Tuesday, November 13, 2007

Lab 2 Postmortem

Mapping the URLs
The most complex part of this lab was matching the URL signatures. I played with Tomcat for a while, but realized that using mod_rewrite with Apache would be much easier. Here are the steps:

1) mod_rewrite comes with Apache 2.2 so just uncomment the module in the httpd.conf file.
2)add the following lines to the end of httpd.conf:

# Send cs462 labs to worker named default
JkMount /cs462lab2/* default

This will send all URI's which start with "/cs462lab2" to tomcat.
3) add the file ".htaccess" to the default docs dir of Apache. This file contains the regex rules for rewriting the URL.

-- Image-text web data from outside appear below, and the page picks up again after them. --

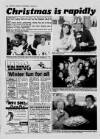 Ellesmere Port Pioneer Thursday 13 December 1990 Page 20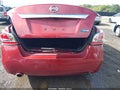 2013 Nissan Altima — photo 6 of 16 | VIN 1N4AL3AP9DN544374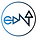 EDNA Logo 2.png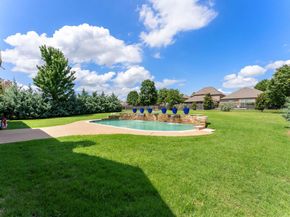 608 Amherst DR, Rockwall TX 75087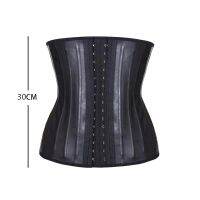 ชุด Corset กระชับสัดส่วนสำหรับผู้หญิง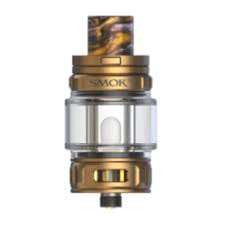 SMOK TFV18 SUB-OHM TANK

4) add the following lines:

RewriteEngine on
RewriteRule ^index$ cs462lab2/SiteLister?option=index [NC]
RewriteRule ^domain/(([a-z0-9]([-a-z0-9]*[a-z0-9])?\.)+((a[cdefgilmnoqrstuwxz]|aero|arpa)|(b[abdefghijmnorstvwyz]|biz)|(c[acdfghiklmnorsuvxyz]|cat|com|coop)|d[ejkmoz]|(e[ceghrstu]|edu)|f[ijkmor]|(g[abdefghilmnpqrstuwy]|gov)|h[kmnrtu]|(i[delmnoqrst]|info|int)|(j[emop]|jobs)|k[eghimnprwyz]|l[abcikrstuvy]|(m[acdghklmnopqrstuvwxyz]|mil|mobi|museum)|(n[acefgilopruz]|name|net)|(om|org)|(p[aefghklmnrstwy]|pro)|qa|r[eouw]|s[abcdeghijklmnortvyz]|(t[cdfghjklmnoprtvwz]|travel)|u[agkmsyz]|v[aceginu]|w[fs]|y[etu]|z[amw]))/?$ cs462lab2/SiteLister?option=domain&domain=$1 [NC,L]

That's it!

Calling HTTP Get
Because I'm using Java and Servlets, I have the luxury of choosing from many open-source libraries.
1) To call S3 for the data, I used HttpClient which is great for Http Get and Post calls.
2) To convert the JSON data to Java types, I used json-lib.
3) To format the XML, I used JDOM.

These libraries minimized the code I had to write.

2 comments:

Hilton said...

Why the crazy long regex?

Unknown said...

mod_rewrite is extremely powerful. I attended a mod_rewrite session at ApacheCon and found that it can do much more than I ever thought it could.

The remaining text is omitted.